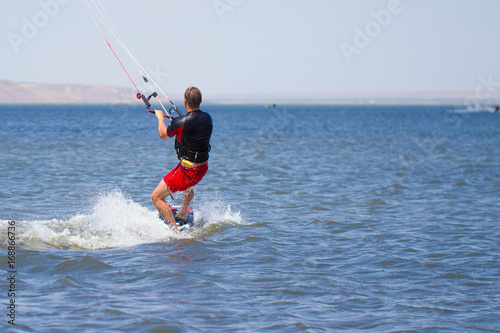 Man is engaged in kitesurfing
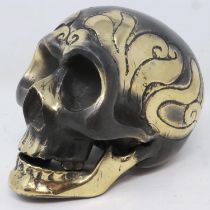 Contemporary decorated bronze skull, H: 10 cm. UK P&P Group 1 (£16+VAT for the first lot and £2+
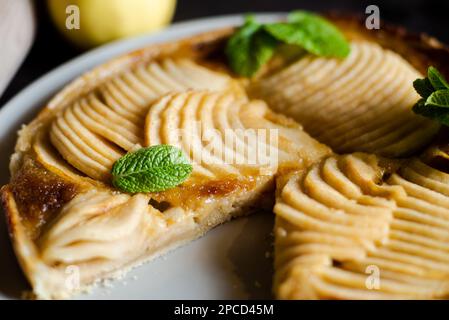 Apfelkuchen aus der Nähe mit Minzblättern. Offener Kuchen mit dünn geschnittenen Äpfeln in Zuckersirup. Stockfoto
########
*Requirement*
Output all of the data word for word, excluding any pictures.

*Output of the exercise*
 Man is engaged in kitesurfing
 Contemporary decorated bronze skull, H: 10 cm. UK P&P Group 1 (£16+VAT for the first lot and £2+
 Apfelkuchen aus der Nähe mit Minzblättern. Offener Kuchen mit dünn geschnittenen Äpfeln in Zuckersirup. Stockfoto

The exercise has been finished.